TASK INSTRUCTIONS >>
Pictures aside, reproduce exactly and only the lines below, starting at the one containing "segredo dos slots online" and ending at the last line.

SOURCE MATERIAL >>
━━━━━━━━━━━━━━━━━━━━━━━━━━━━━━

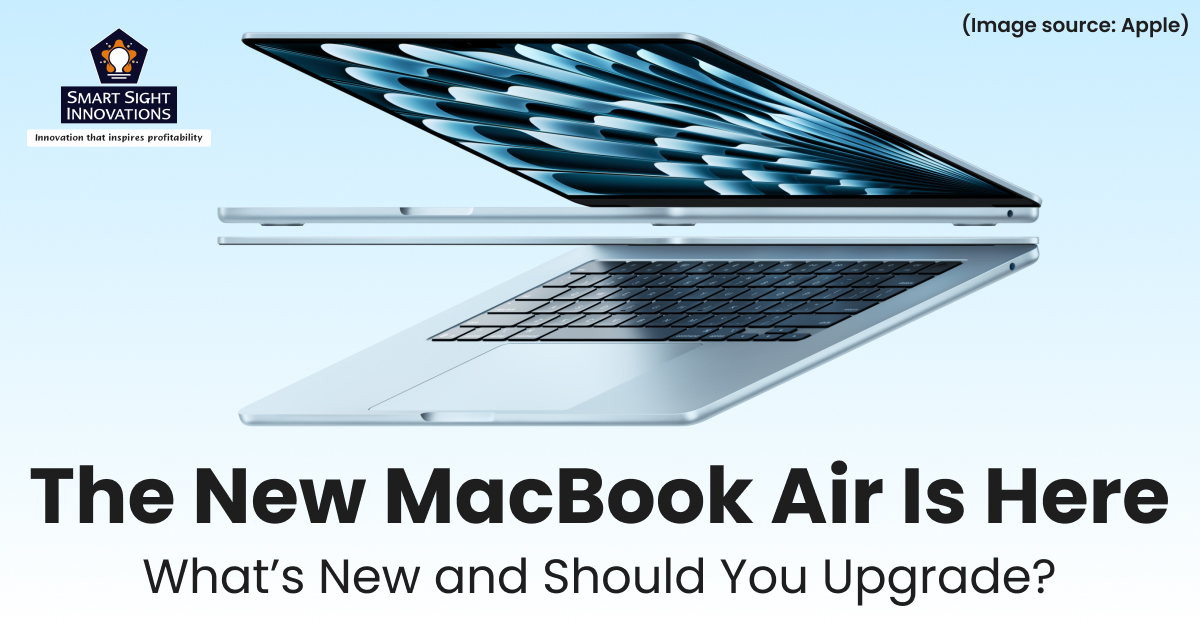 The New MacBook Air Is Here: What’s New and Should You Upgrade?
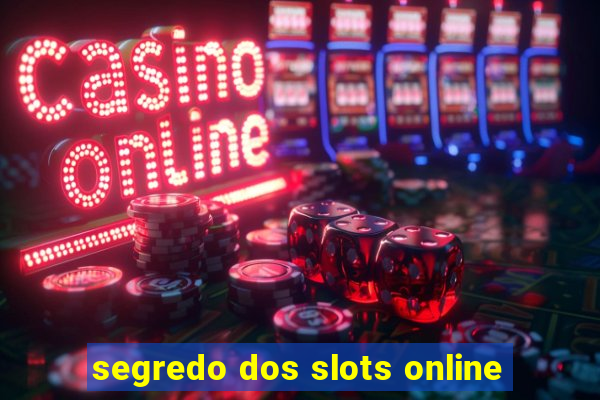 segredo dos slots online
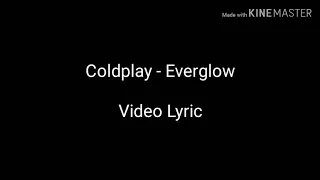 Coldplay - Everglow (Lyric Video)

━━━━━━━━━━━━━━━━━━━━━━━━━━━━━━

EXPECTED ANSWER >>
 segredo dos slots online
 Coldplay - Everglow (Lyric Video)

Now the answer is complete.